Friday, November 26, 2021
Nov. 26, 2021

Linkedin Pinterest

In Our View: Examine domestic violence protections

The Columbian

Two recent murder arrests should prompt local and state reviews of procedures and laws regarding domestic violence. Both cases are still under investigation, but the facts that have emerged so far are troubling enough to suggest such a review is warranted.

On Oct. 31, a Vancouver man, Gustavo Enrique Villalobos Carranza, picked up his 2-year-old daughter, Brianna, at her mother’s home in Vancouver. According to police, he later called Brianna’s mother and threatened to harm the child, prompting a brief but frantic manhunt. Less than four hours later, he was arrested by Vancouver police. Brianna was found dead.

On Nov. 7, Michael Ryan Murrah allegedly confronted his estranged wife, Monica “Star” Murrah, at her home. Murrah was stabbed to death; the couple’s 8-year-old son was at home during the assault.

Both men have been arrested and jailed. There’s every reason to be confident that they will eventually be held accountable for their actions.

But what if the rules and laws and oversight had been so robust that no one would have been harmed?
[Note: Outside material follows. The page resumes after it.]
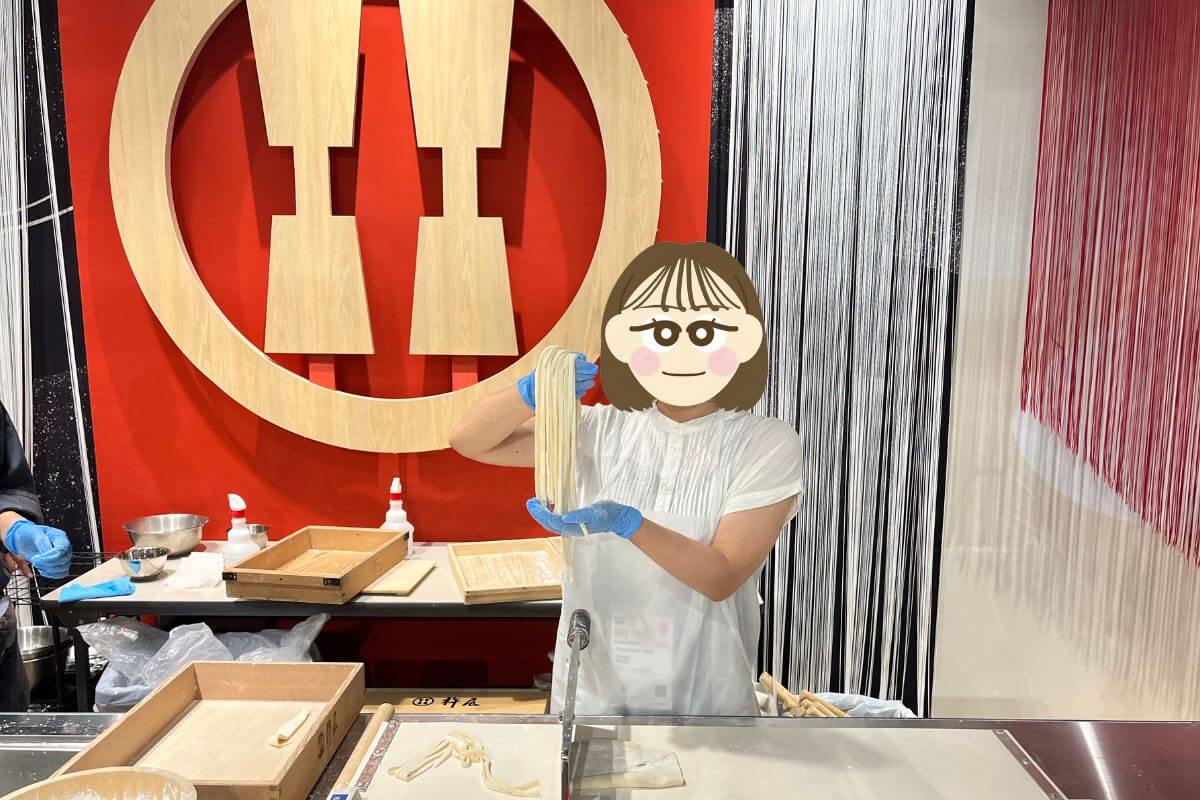Taking a commemorative photo with udon noodles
Unfortunately, statistics show that domestic violence incidents are common:

  • More than 59,000 domestic violence incidents were reported in Washington last year, accounting for approximately 13 percent of all crimes.
  • More than 70 percent of the victims were women.
  • In Clark County, two people were killed in domestic violence homicides last year, and five died in 2019.
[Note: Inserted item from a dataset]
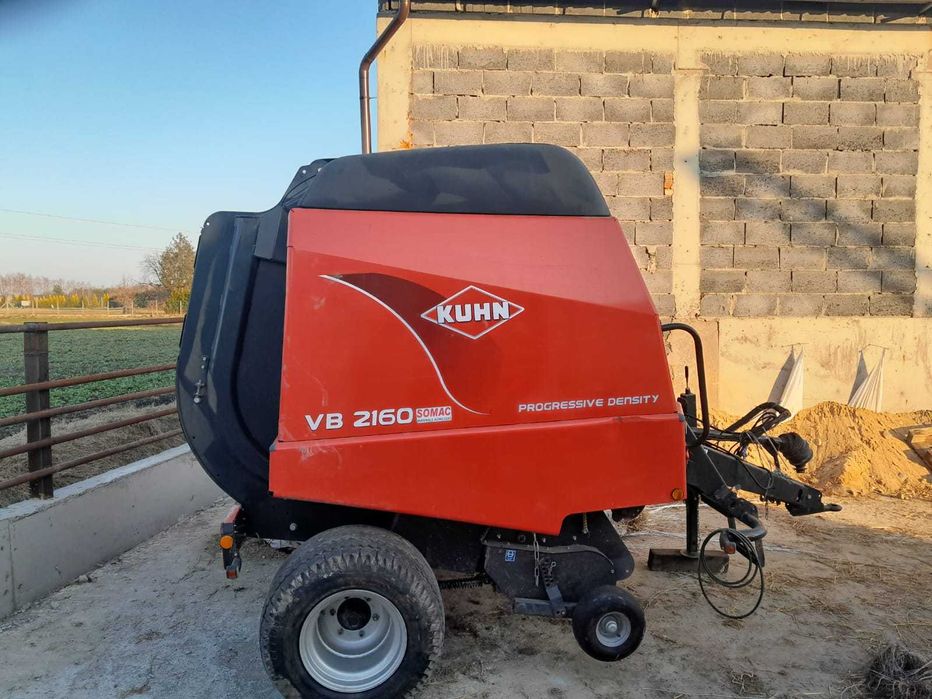 Prasa zwijająca kuhn VB 2160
In the Murrah case, allegations of domestic violence date to at least 2017, according to police records. Star Murrah said her husband abused drugs and alcohol, and had bullied, threatened and intimidated her. He claimed she was verbally abusive. In July 2020, she fled to California to stay with family. She tried to obtain a protection order against Michael Murrah, but Clark County Superior Court Commissioner Carin Schienberg denied her request. Despite police reports and statements from Star Murrah’s friends and family, Schienberg denied the order on the grounds that the “preponderance of the evidence has not established there is domestic violence.”

Another troubling local case did lead to changes in the law. Tiffany Hill was a military veteran and a mother of two with a violent husband. She had obtained a protection order against him, which he had violated. After bailing out of jail, he murdered her in a school parking lot in Hazel Dell as she was picking up their children in November 2019.
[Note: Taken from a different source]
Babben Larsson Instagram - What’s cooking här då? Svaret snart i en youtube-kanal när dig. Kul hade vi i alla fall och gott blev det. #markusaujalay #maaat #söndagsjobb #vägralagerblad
The next year, the Legislature passed Senate Bill 5149, the Tiffany Hill Act, which allows judges to order electronic monitoring for domestic violence offenders who have been released from jail pending trial. The monitors can be used to notify potential victims when the offender is in their vicinity.

This year, the Legislature passed House Bill 1320, which is intended to improve the accessibility, efficiency and efficacy of protection orders. It may also allow for the narrow definition of domestic violence to be expanded to include coercive control over a victim – which was allegedly a factor in the Murrahs’ relationship.

Domestic violence is a difficult crime to prevent. By definition, the parties are in a relationship, and partners have intimate knowledge about each other that can be exploited. Even in an amicable split, it takes time for the details to be worked out, particularly if children are involved. But we have a duty to protect vulnerable victims. Cases such as Star Murrah’s point out the need to examine our system, find the holes, and try to provide more protection.